§ PROBLEM TO WORK ON
Search the material for the string "https", then return every line where it is found.

§ EXERCISE DATA
☆ ☆ ☆ ☆
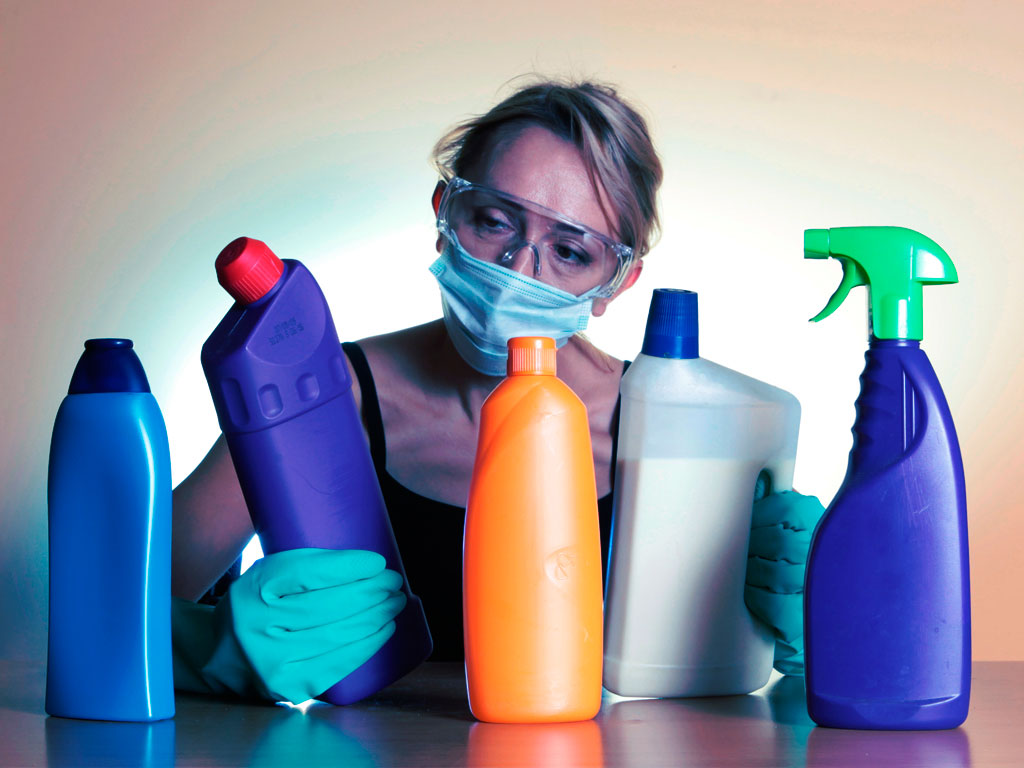 Desde una intoxicación hasta la muerte: los riesgos de algunos productos de  limpieza y sus combinaciones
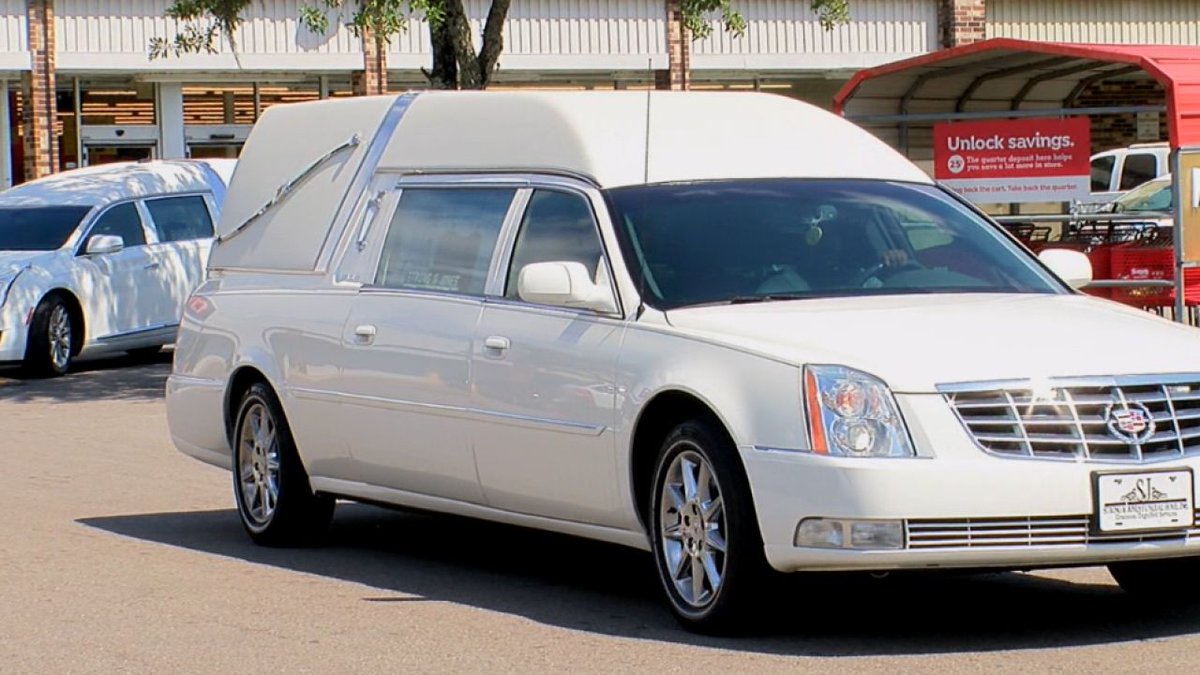 myASDcalls's tweet photo. Hearse parade aims to decrease gun violence:
https://t.co/nx1lp3jwoA

#funeralnews https://t.co/7eI7NZNp5B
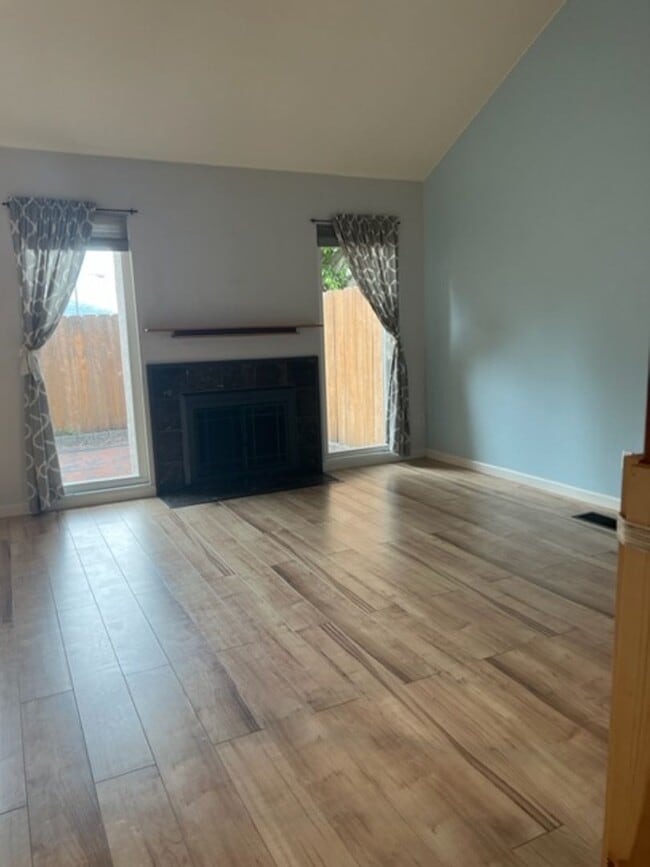 Building Photo - 3BD 2BA 2CAR Garage Townhouse located in L...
☆ ☆ ☆ ☆
§ SOLUTION TO THIS TASK
https://t.co/nx1lp3jwoA
#funeralnews https://t.co/7eI7NZNp5B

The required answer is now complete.